**What is required**
Transcribe every entry below word for word, but skip the pictures.

[Image-text web data]

▽

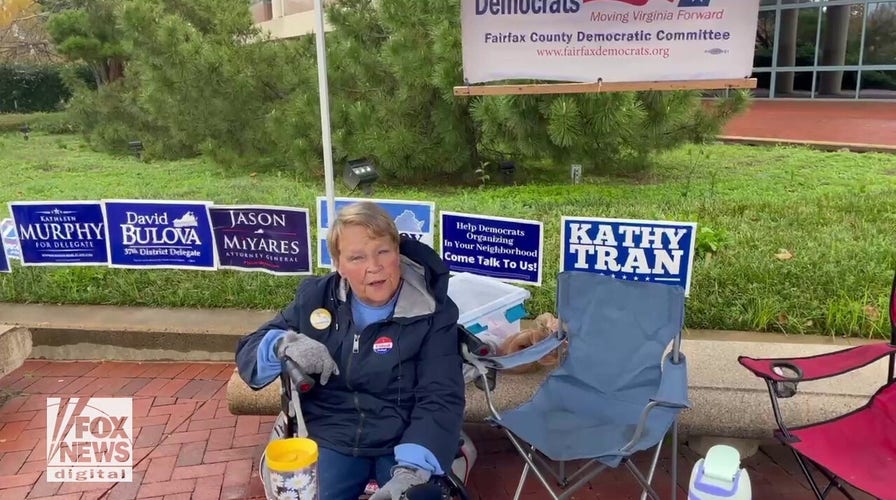McAuliffe voter speaks about education politics. 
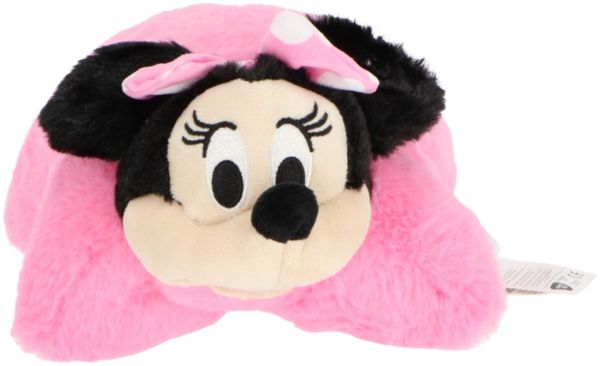Disney Minnie Mouse Kuschelkissen 2 in 1 Plüschkissen Kinderkissen Grün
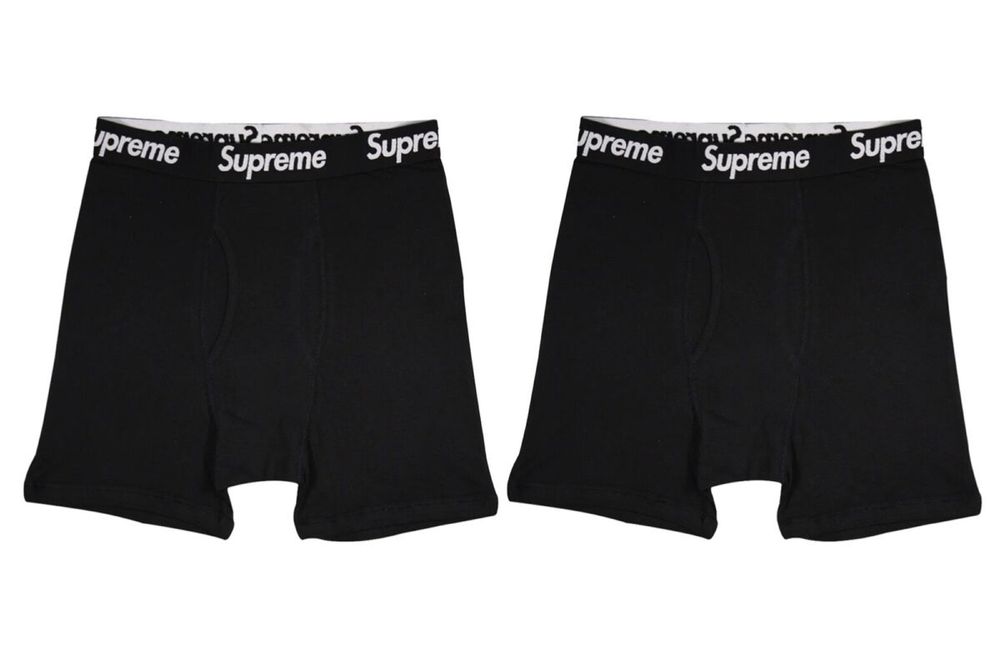 Supreme Hanes boxer briefs боксери труси
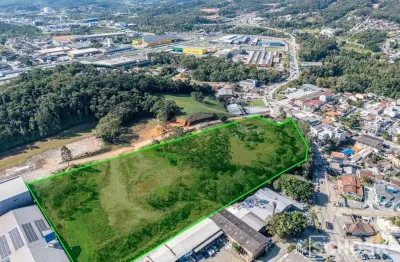 Terreno à venda, 30880 m² por r$ 31.000.000,00 - itoupava central - blumenau/sc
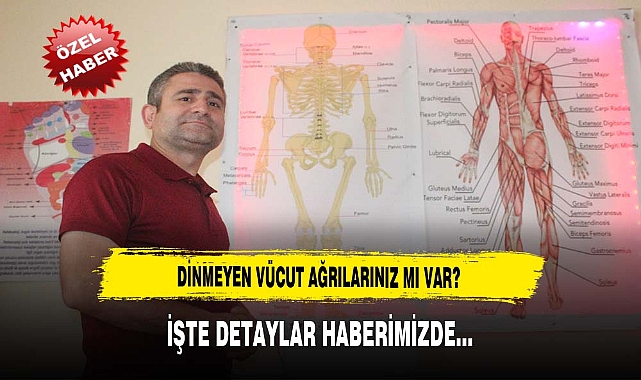 Dinmeyen Vücut Ağrılarınız Mı Var? İşte Detaylar Haberimizde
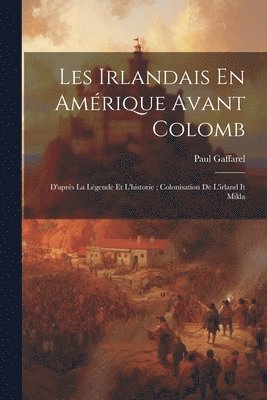 bokomslag Les Irlandais En Amrique Avant Colomb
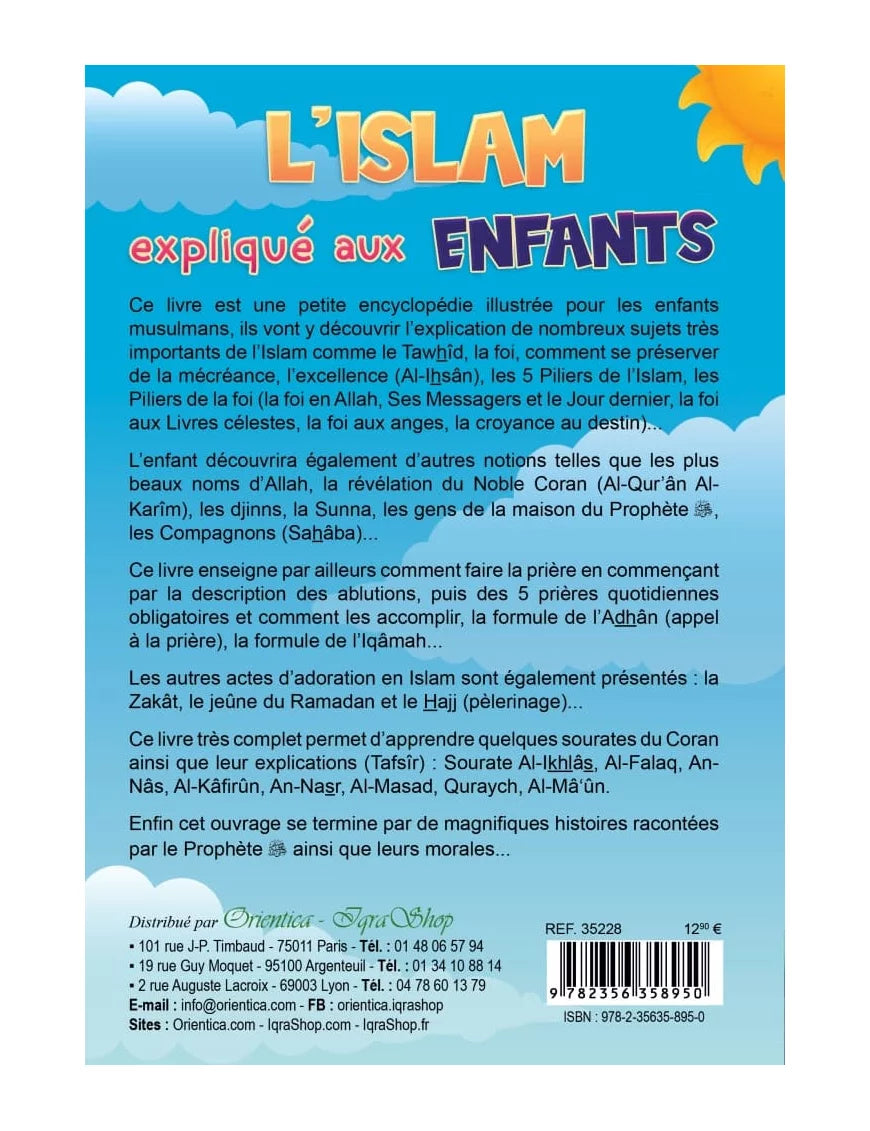 L'Islam expliqué aux enfants - Orientica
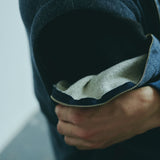 [Unisex] Denim-like Multi Sweat Jacket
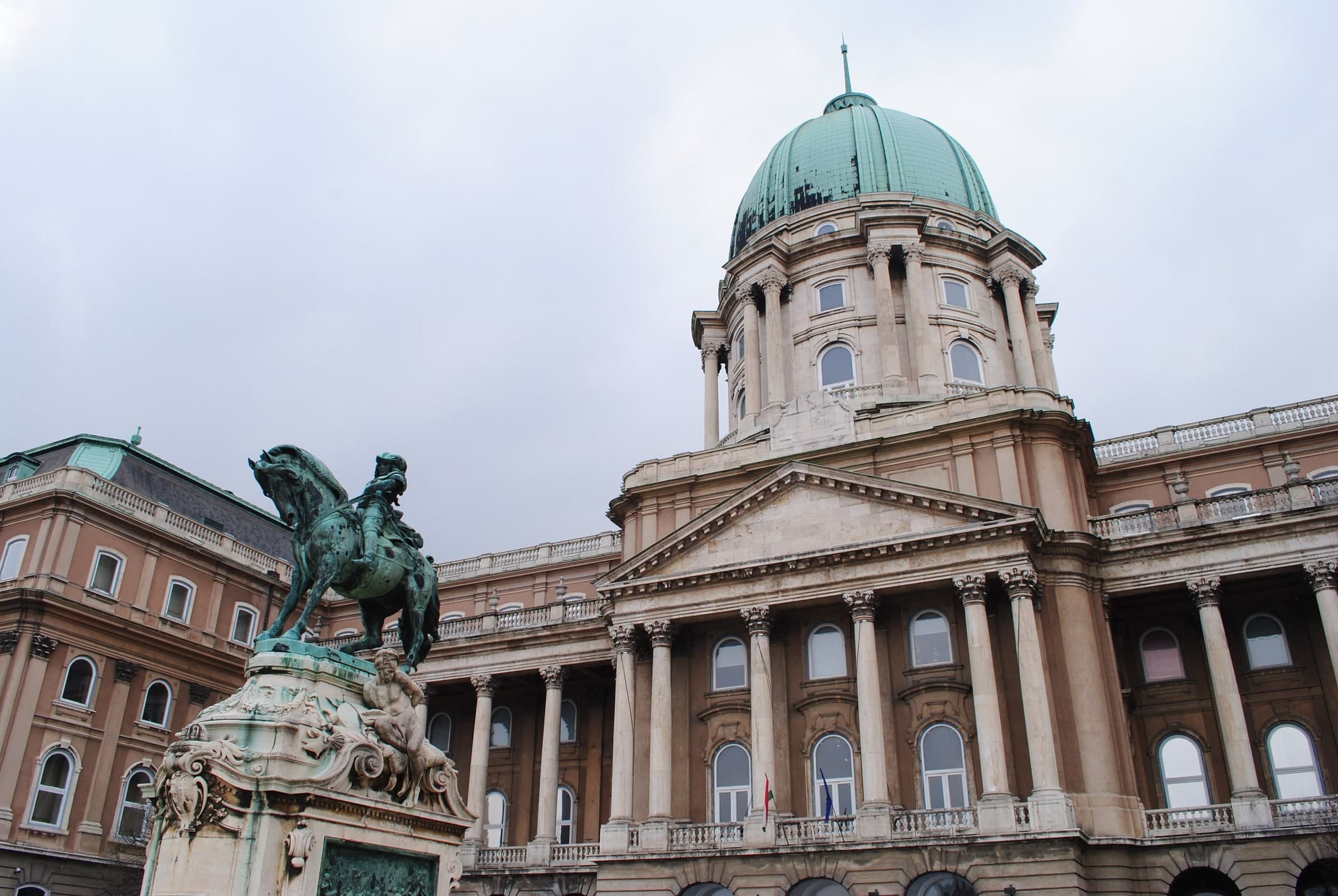 Buda Castle: The Savoy Terrace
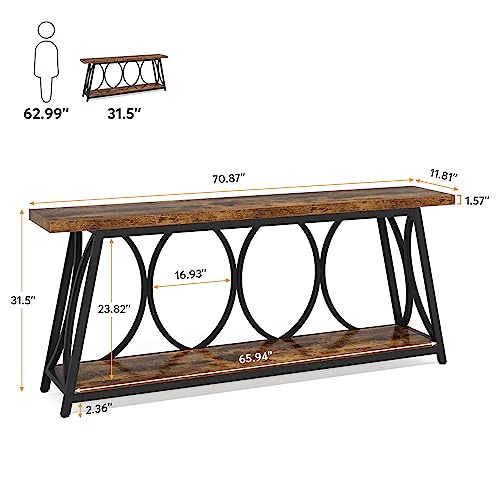 70.9 inch Extra Long Console Table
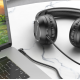 Кабель AUX Borofone BL10 3.5-3.5 1m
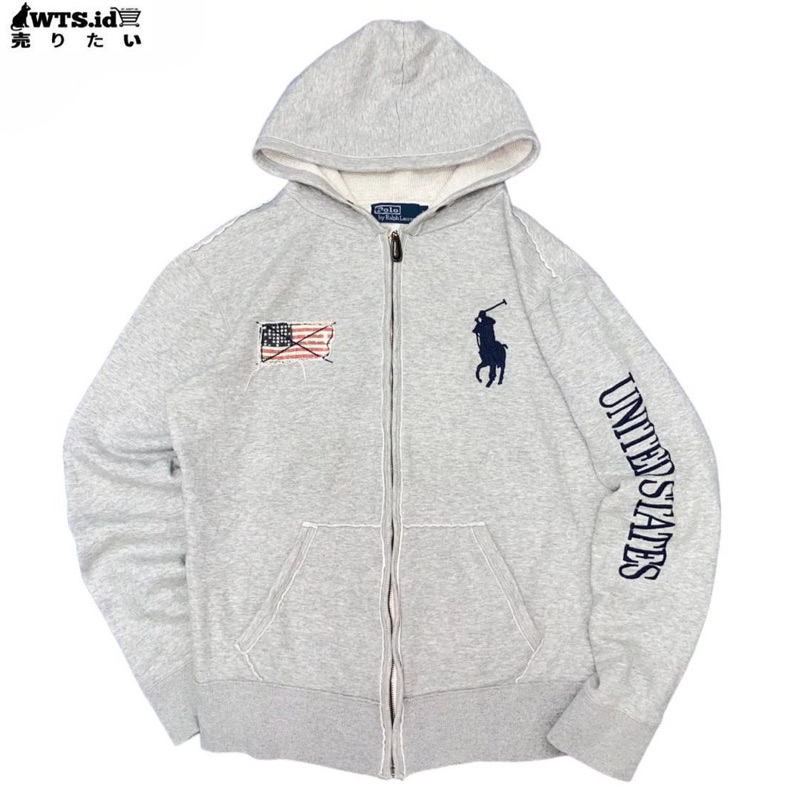 zip hoodie ralph lauren
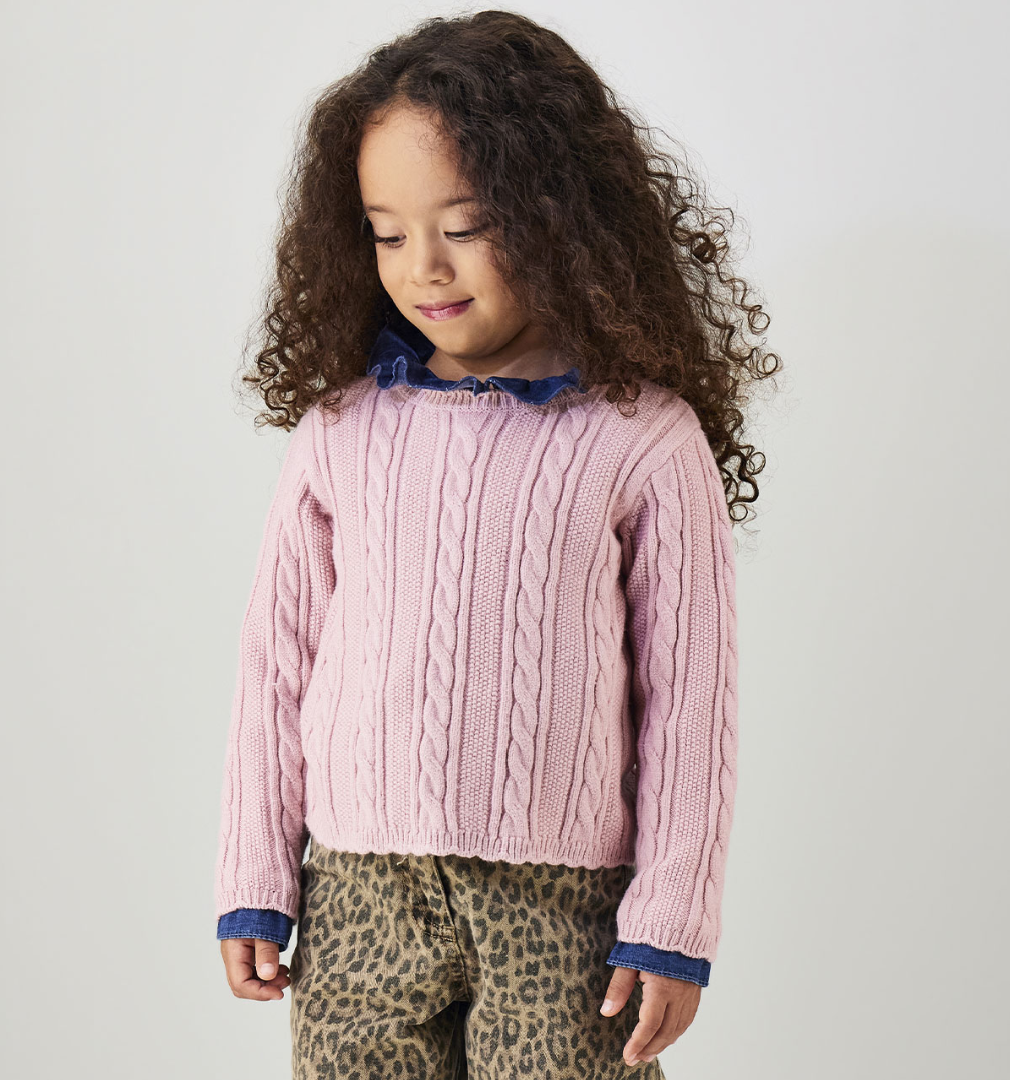 iDO - Maglione da bambina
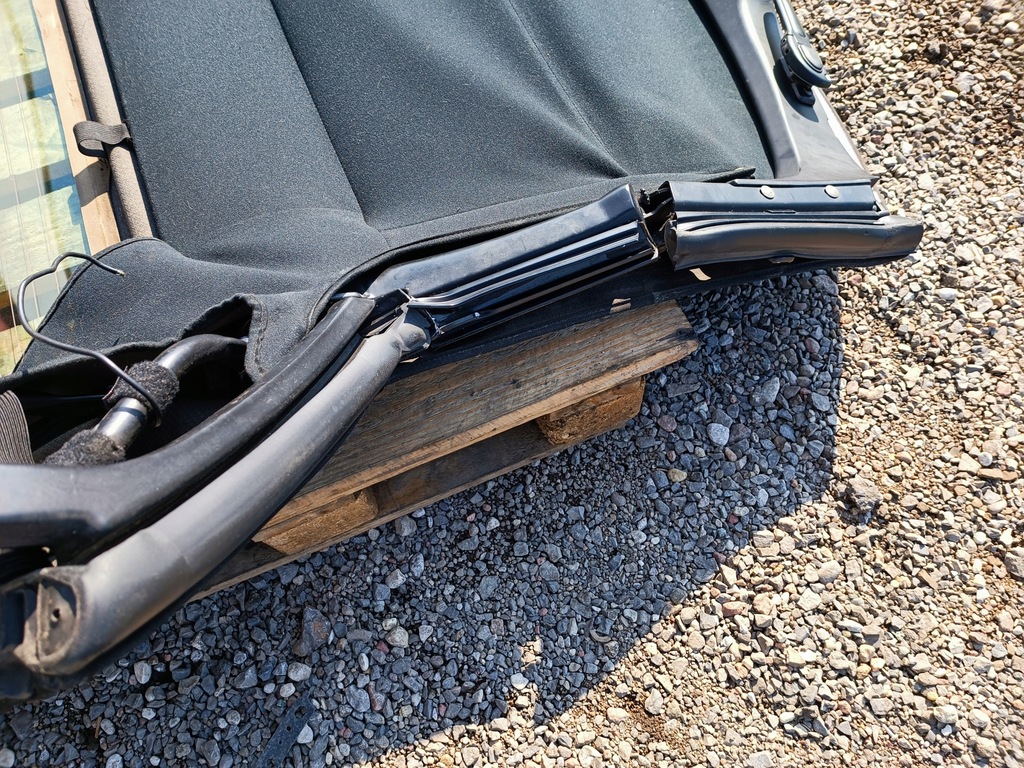 фото №14, Дах складний chevrolet corvette c5 cabrio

△

**Finished exercise**
McAuliffe voter speaks about education politics. 
Disney Minnie Mouse Kuschelkissen 2 in 1 Plüschkissen Kinderkissen Grün
 Supreme Hanes boxer briefs боксери труси
 Terreno à venda, 30880 m² por r$ 31.000.000,00 - itoupava central - blumenau/sc
 Dinmeyen Vücut Ağrılarınız Mı Var? İşte Detaylar Haberimizde
 bokomslag Les Irlandais En Amrique Avant Colomb
 L'Islam expliqué aux enfants - Orientica
 [Unisex] Denim-like Multi Sweat Jacket
 Buda Castle: The Savoy Terrace
 70.9 inch Extra Long Console Table
 Кабель AUX Borofone BL10 3.5-3.5 1m
 zip hoodie ralph lauren
 iDO - Maglione da bambina
 фото №14, Дах складний chevrolet corvette c5 cabrio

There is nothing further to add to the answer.